> [Try it]
Every line of the listing must be reproduced as it stands. Leave the images behind.

> [Supplied data]
----------------------------------------

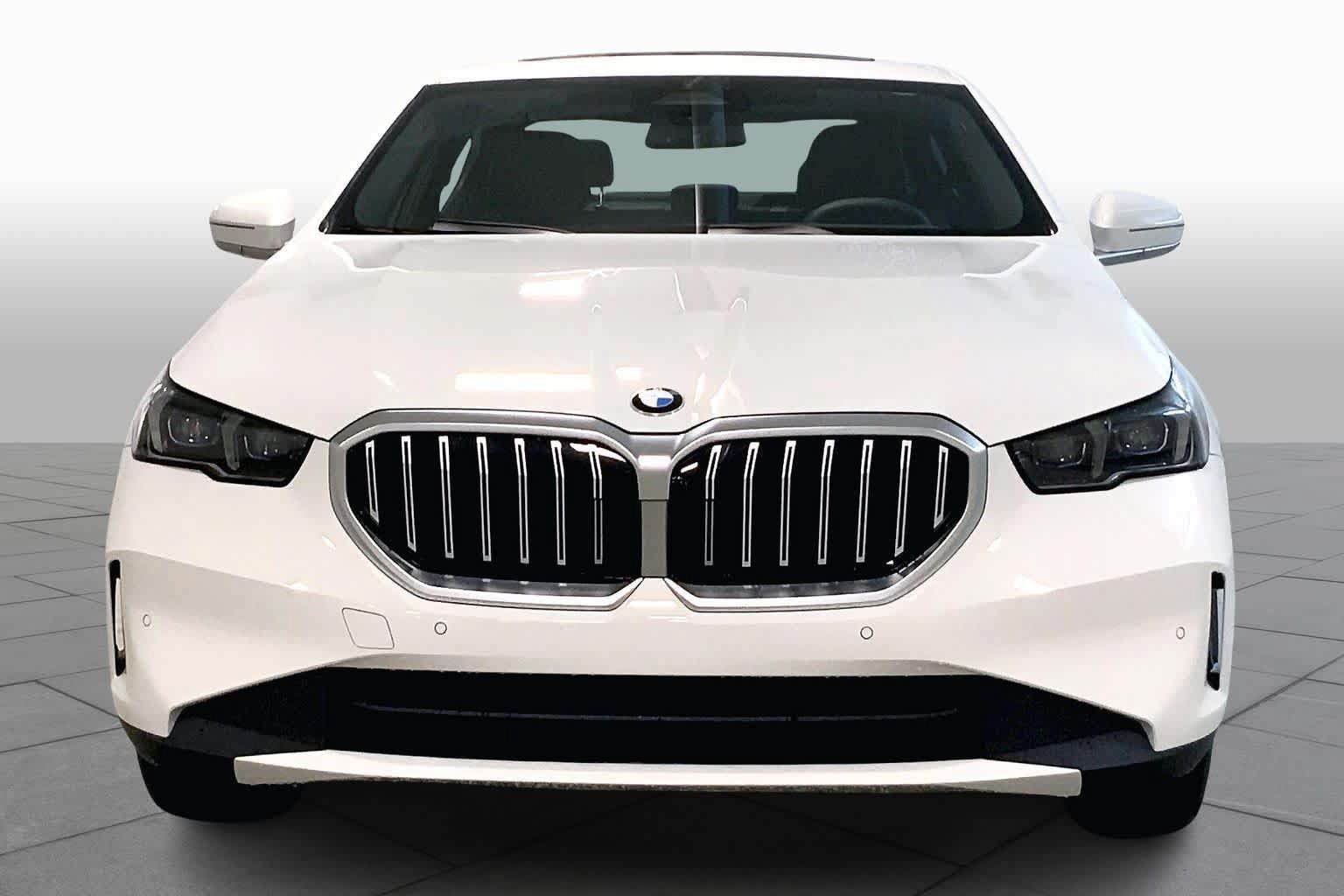 Used 2026 BMW 530i xDrive w/ Premium Package AWD/4WD image 3
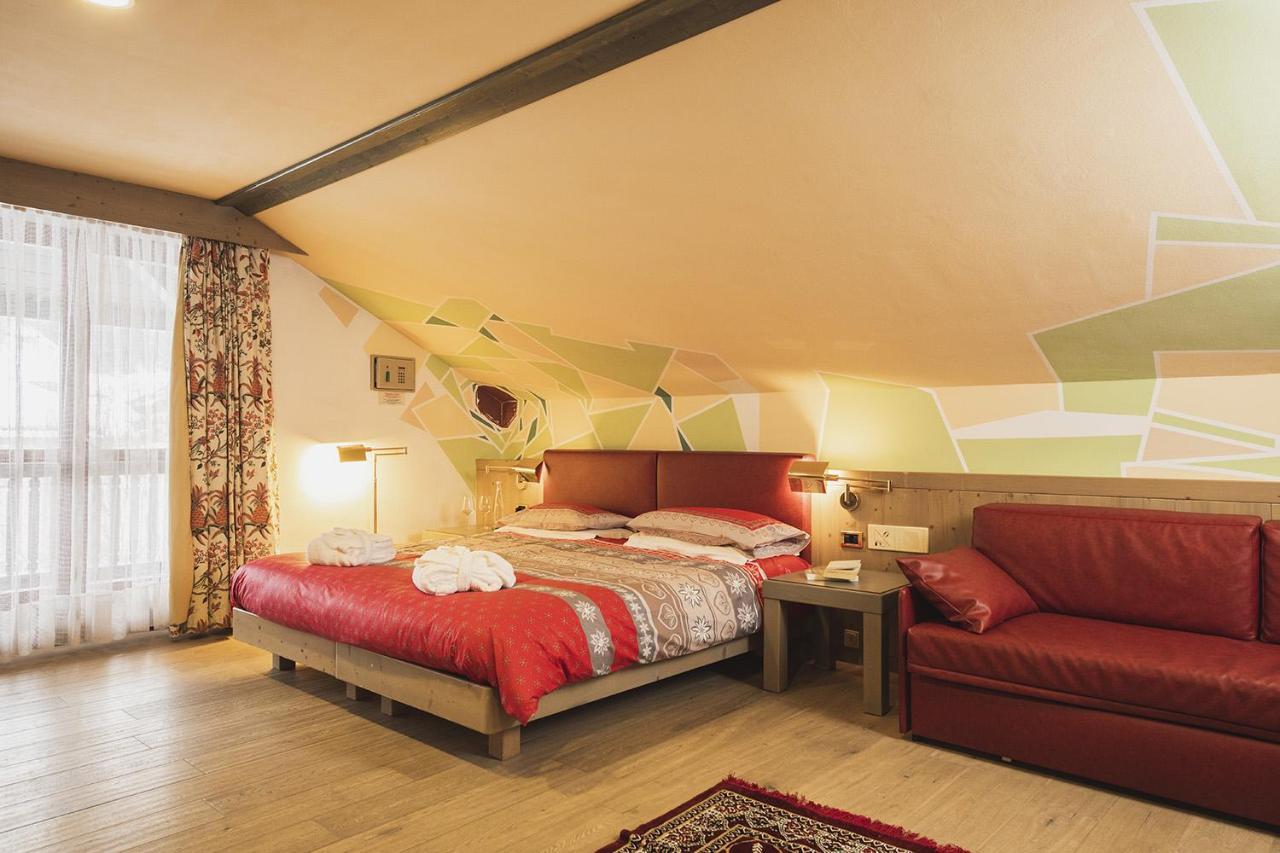 Hotel Rubino Deluxe Campitello di Fassa Esterno foto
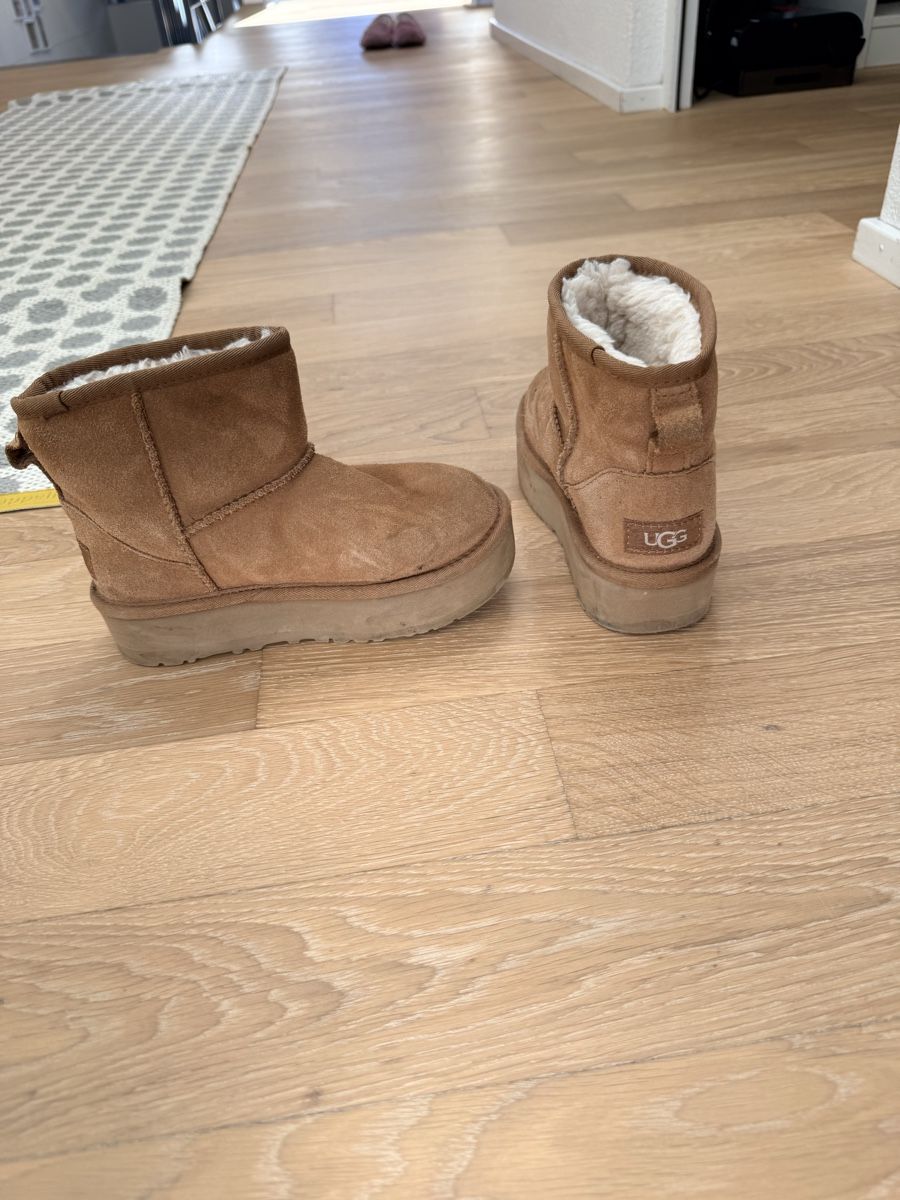 Ugg Scarpe per ragazzi: Kinder Ugg Boots – Usato da Buchrain venduto da Ice_and_Cream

----------------------------------------

> [Solution]
 Used 2026 BMW 530i xDrive w/ Premium Package AWD/4WD image 3
 Hotel Rubino Deluxe Campitello di Fassa Esterno foto
 Ugg Scarpe per ragazzi: Kinder Ugg Boots – Usato da Buchrain venduto da Ice_and_Cream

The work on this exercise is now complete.